Em função disso, João Lourenço disse ao novo ministro de Estado e chefe da Casa de Segurança do Presidente da República, a quem desejou muita coragem, que outra das suas missões passará por travar esta prática "o quanto antes”. Tal como acontece no quartel, na parada, em que depois de chamado o soldado responde presente, prosseguiu o Chefe de Estado, Francisco Furtado deverá usar, também, do mesmo exercício, para identificar os fantasmas. "Todos aqueles que recebem salários do Estado têm de, necessariamente, responder presente”, frisou o Presidente, para quem, a não acontecer, deverá concluir-se, imediatamente, que se está perante um efectivo fantasma.
Atenção particular aos bancos

O Presidente da República disse ser necessário prestar, igualmente, uma atenção particular aos bancos, pelo facto de tudo isto passar por lá.
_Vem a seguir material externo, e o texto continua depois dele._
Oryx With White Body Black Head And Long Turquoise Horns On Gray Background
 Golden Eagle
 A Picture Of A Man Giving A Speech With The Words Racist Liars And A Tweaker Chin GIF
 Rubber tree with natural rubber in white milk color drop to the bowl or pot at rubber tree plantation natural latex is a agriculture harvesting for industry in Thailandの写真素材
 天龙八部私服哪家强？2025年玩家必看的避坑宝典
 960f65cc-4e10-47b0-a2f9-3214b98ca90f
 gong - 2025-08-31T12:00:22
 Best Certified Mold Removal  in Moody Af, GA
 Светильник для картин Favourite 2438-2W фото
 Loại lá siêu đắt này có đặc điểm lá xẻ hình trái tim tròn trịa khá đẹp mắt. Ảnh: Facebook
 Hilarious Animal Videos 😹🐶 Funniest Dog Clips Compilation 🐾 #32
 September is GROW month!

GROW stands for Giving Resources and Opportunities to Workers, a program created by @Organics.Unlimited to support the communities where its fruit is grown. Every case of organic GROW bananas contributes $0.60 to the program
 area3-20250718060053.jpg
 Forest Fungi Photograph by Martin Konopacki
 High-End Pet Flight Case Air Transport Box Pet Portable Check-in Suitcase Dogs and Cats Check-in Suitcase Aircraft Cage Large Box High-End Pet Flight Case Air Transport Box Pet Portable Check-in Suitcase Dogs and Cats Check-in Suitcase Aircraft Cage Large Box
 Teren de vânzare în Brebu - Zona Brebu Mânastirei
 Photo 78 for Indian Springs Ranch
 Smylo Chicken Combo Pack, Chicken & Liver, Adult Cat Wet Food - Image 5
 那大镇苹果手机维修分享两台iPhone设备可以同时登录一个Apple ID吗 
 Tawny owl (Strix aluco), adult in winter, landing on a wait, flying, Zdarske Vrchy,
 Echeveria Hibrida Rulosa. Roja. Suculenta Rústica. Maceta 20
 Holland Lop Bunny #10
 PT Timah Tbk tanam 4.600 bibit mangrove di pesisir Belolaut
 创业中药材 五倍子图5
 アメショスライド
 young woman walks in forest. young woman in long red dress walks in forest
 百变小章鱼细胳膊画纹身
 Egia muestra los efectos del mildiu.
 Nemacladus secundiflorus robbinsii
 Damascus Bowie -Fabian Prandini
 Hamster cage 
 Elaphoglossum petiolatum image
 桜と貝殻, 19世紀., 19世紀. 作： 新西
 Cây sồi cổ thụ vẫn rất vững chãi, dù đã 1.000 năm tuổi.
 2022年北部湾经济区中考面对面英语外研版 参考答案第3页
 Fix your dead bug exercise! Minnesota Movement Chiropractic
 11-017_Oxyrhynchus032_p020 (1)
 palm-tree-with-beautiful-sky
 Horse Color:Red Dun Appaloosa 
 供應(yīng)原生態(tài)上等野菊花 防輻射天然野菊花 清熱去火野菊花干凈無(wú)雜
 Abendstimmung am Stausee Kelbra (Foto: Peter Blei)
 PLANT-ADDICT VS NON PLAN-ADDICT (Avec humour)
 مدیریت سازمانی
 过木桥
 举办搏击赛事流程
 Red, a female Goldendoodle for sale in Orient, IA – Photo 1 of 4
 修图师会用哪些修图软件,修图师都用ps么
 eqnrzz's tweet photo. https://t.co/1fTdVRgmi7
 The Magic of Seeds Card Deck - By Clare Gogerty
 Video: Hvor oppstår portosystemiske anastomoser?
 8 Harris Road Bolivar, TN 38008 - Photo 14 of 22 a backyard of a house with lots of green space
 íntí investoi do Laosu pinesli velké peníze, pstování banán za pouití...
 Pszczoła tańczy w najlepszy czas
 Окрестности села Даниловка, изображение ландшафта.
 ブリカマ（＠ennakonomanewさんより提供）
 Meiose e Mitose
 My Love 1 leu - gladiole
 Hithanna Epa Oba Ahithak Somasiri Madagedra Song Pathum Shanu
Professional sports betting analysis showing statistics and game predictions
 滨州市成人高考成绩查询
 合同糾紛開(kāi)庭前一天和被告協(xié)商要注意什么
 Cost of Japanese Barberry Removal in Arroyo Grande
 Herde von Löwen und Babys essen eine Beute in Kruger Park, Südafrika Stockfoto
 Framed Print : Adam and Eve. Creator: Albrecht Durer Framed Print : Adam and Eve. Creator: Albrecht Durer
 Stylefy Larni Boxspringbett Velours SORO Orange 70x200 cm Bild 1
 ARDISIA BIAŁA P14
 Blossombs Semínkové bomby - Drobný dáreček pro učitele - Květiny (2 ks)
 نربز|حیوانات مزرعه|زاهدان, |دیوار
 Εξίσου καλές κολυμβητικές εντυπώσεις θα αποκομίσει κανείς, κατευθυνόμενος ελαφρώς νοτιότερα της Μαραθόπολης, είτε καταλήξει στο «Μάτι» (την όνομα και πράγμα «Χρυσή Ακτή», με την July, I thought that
Disse haver comportamentos e procedimentos anormais na banca, razão pela qual defendeu mudança imediata deste quadro.
"Daí eu esperar, também, que possa haver uma acção mais forte e contundente da parte do Banco Central e da Unidade de Informação Financeira (UIF), não apenas para punir ou castigar os bancos prevaricadores, mas, sobretudo, para montar um mecanismo que garanta a prevenção do crime”, frisou.

A ideia, esclareceu o Presidente da República, não passa por tornar esta acção impossível, mas, pelo menos, difícil, "de modo que as práticas que assistimos não tenham continuidade”. João Lourenço pediu a colaboração da sociedade no combate a essas práticas.

Adequar a estrutura da Casa de Segurança
O novo homem forte da Casa de Segurança do Presidente da República apontou como uma das metas a alcançar durante o seu consulado a adequação da estrutura da própria Casa de Segurança.
Francisco Furtado disse que esta acção vai passar pela realização de um trabalho profundo de cadastramento físico de todos os efectivos dos órgãos de Defesa e Segurança Nacional, de forma a proporcionar mais dignidade àqueles órgãos que, como sublinhou, devem estar adequados à realidade do que o país realmente precisa. "Acima de tudo, a moralização da sociedade castrense e os órgãos de segurança, em si, para que sejam vistos pela sociedade no âmbito daquilo que são os seus deveres e suas obrigações funcionais”, frisou.

 Francisco Furtado, que admitiu estar diante de uma grande responsabilidade, disse não existir ainda um horizonte temporal para o término deste trabalho, mas prometeu dar início, a fim de começar já a apresentar resultados. "Com a ajuda dos meus colaboradores dos diferentes órgãos de Defesa e Segurança Nacional, podemos realizar este trabalho com a profundidade e a dimensão que se pretende dos órgãos de Segurança e Defesa Nacional do país”, declarou o ex-chefe do Estado Maior General das Forças Armadas Angolanas.

A uma pergunta se está preparado para o desafio que se lhe espera, Francisco Furtado respondeu: "os órgãos têm que estar preparados, acima de tudo com rigor, disciplina, organização e competência”, acentuou.  
Francisco Furtado, no-meado pelo Presidente da República na segunda-feira, substitui nas funções Pedro Sebastião, que estava no cargo desde 28 de Setembro de 2017.